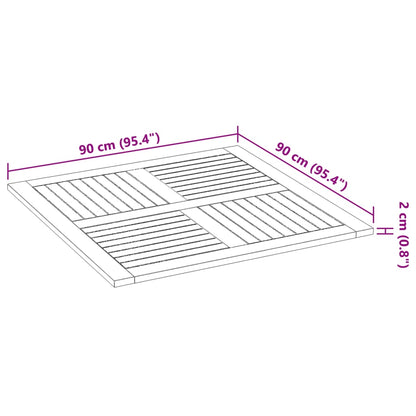 Tampo de mesa quadrado 90x90x2,2 cm madeira de acácia maciça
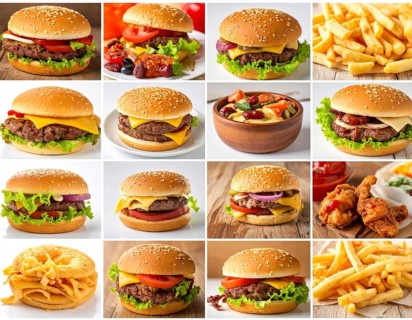 Collage of various fast food meals. beagles, hamburger, cheeseburger, french fries and a view green
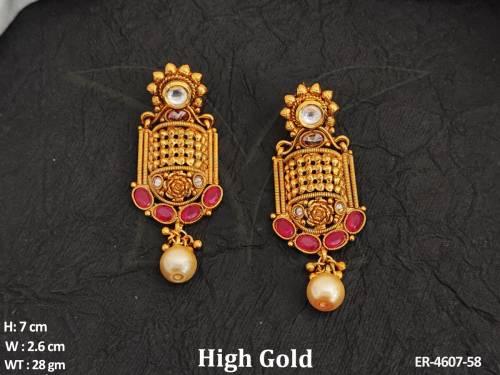 cylindrical shape antique earrings detail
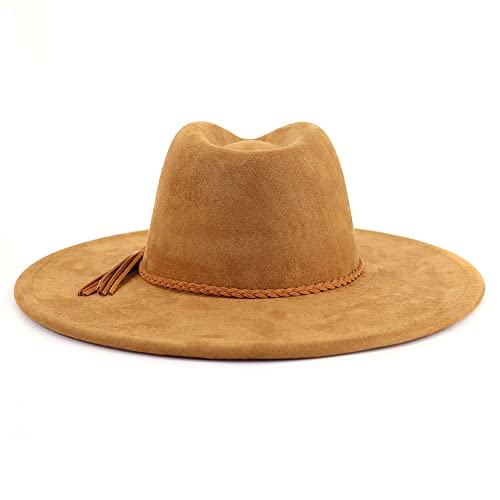 LIDHAY Big Wide Brim Fedora Hats for Women Men Western Suede Hat Large Felt Panama Hat Rancher Hat - color: Khaki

__________

Every line above should be returned word for word, with the pictures left behind.

 Tampo de mesa quadrado 90x90x2,2 cm madeira de acácia maciça
 Collage of various fast food meals. beagles, hamburger, cheeseburger, french fries and a view green
 cylindrical shape antique earrings detail
 LIDHAY Big Wide Brim Fedora Hats for Women Men Western Suede Hat Large Felt Panama Hat Rancher Hat - color: Khaki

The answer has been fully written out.